また、前年に落ち込んでいた香港は、輸出量1,727トン(同18%増)・輸出額約85億円(同10%増)と、再び増加に転じました。
なぜこの順位に?——伸びを支える背景
順位の動きの裏には、それぞれの市場の事情があるとみられます。
海外で好まれているのは、ロースだけではありません。日本畜産物輸出促進協会の集計によると、輸出量に占めるロース系(リブロース・サーロイン・ヒレ)の割合は2018年の57%から2025年には43%まで低下し、代わってカタ・モモ系(26%→34%)やバラ系(10%→18%)の輸出が伸びています。焼肉やBBQ、食べ放題など、多様な楽しみ方が海外に根付いてきたことがうかがえます。

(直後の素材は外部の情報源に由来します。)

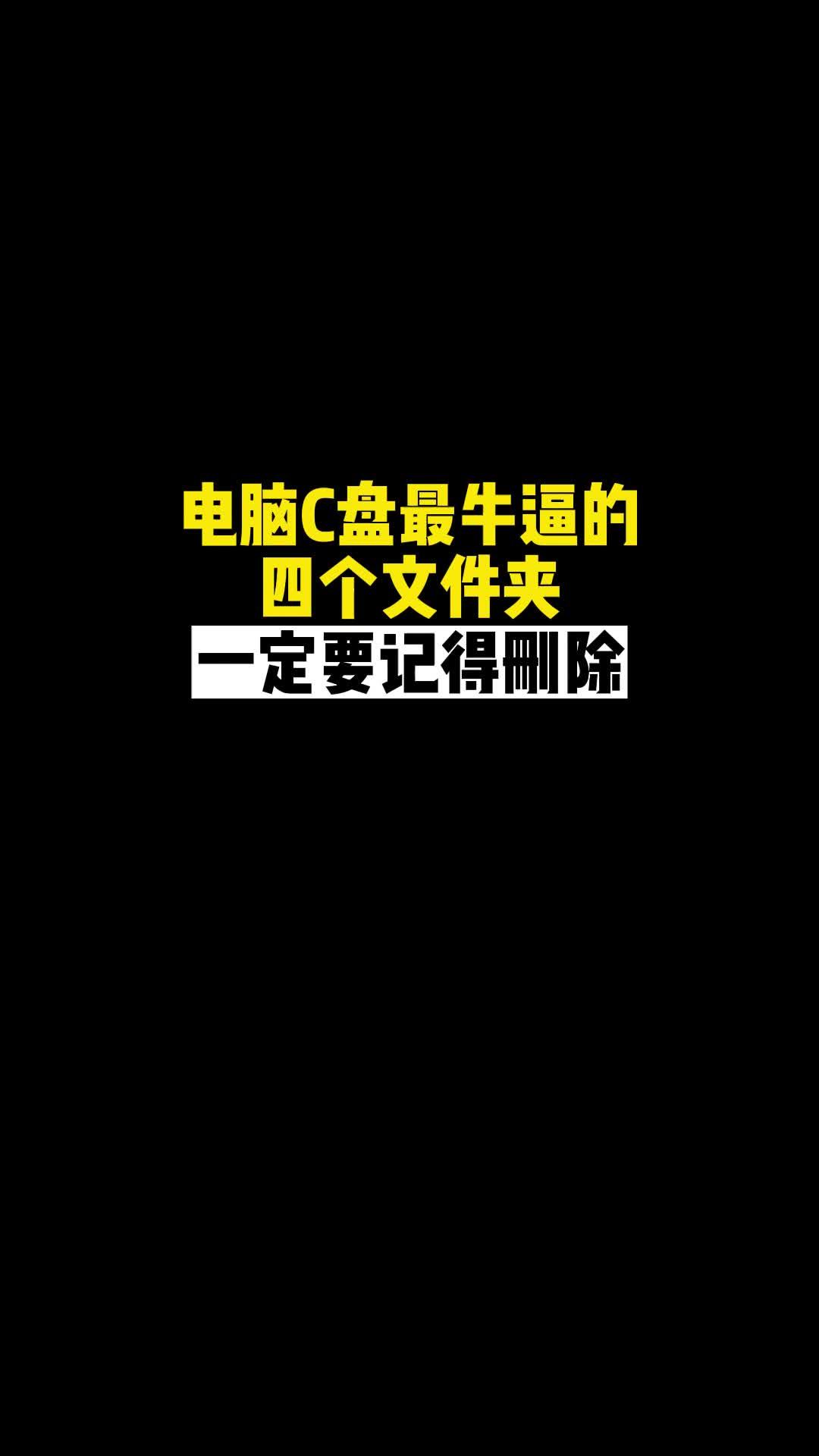 不想C盤爆紅_一定要清理這四個文件-資源網(wǎng)站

米国(金額トップ):近年の円安傾向が、輸出の追い風になっているとみられます。ステーキ店で「A5 Wagyu」として知られるようになったことに加え、ジェトロの報告では、ロサンゼルスなどの大都市で和牛の食べ放題に特化した新しい業態の飲食店が広がり、ロース以外の部位まで幅広く使われるようになってきたと紹介されています。
台湾(数量トップ):日本から地理的に近く、鮮度が求められる冷蔵品を届けやすいことが強みです。ロースからモモ・バラまで、ほぼ一頭分をまるごと受け入れる市場として定着しており、これが数量を押し上げているとみられます。実際、台湾向けはカタ・モモ系が輸出量の49%を占め、バラ系も26%と、ロース系(22%)だけに偏らない構成になっています。
香港(回復):香港は、日本産牛肉がアジアへ広がる玄関口のひとつです。前年は輸出が落ち込んでいましたが、2025年は数量・金額ともに再び増加に転じ、回復傾向がみられました。香港向けもカタ・モモ系が45%を占め、台湾と同様に幅広い部位が求められています。
輸出は、国内の和牛づくりにも意味を持ちます
輸出の広がりは、単に販路が増えるというだけではありません。日本畜産物輸出促進協会の資料で紹介されている神戸大学大学院農学研究科の調査研究(上田修司・八木浩平、令和6年3月)によると、2023年の牛肉輸出は、輸出がなかった場合に比べて、国内の枝肉卸売価格を1kgあたり339.9円押し上げる効果があったと推定されています。なかでもロース系の輸出は188.9円/kgの押し上げ効果があったとされ、生産量では約1万6,148トン、生産額では約1,051億円の増加効果があったとの試算です。海外からの需要が、国内の和牛づくりを下支えする一因になっているといえそうです。
和牛人気の広がりが、産地の追い風に
こうした海外での和牛人気の高まりは、神戸ビーフや但馬牛(たじまうし)をはじめとした兵庫のブランド牛にとっても、追い風となる話題です。世界で評価が高まるほど、産地としての誇りや品質へのこだわりも、より強く求められるようになります。
玉家でも、産地の魅力をお伝えしていきます
私たちは、神戸ビーフ・但馬牛の目利きとカット技術で、その魅力を店頭からお伝えしています。ロースだけでなく、モモやバラなど部位ごとの個性を楽しむ食べ方が世界に広がっているという話題は、日々の食卓でさまざまな部位をお届けする私たちにとっても、励みになるニュースです。世界に広がる和牛人気を励みに、これからも確かなお肉をお届けしてまいります。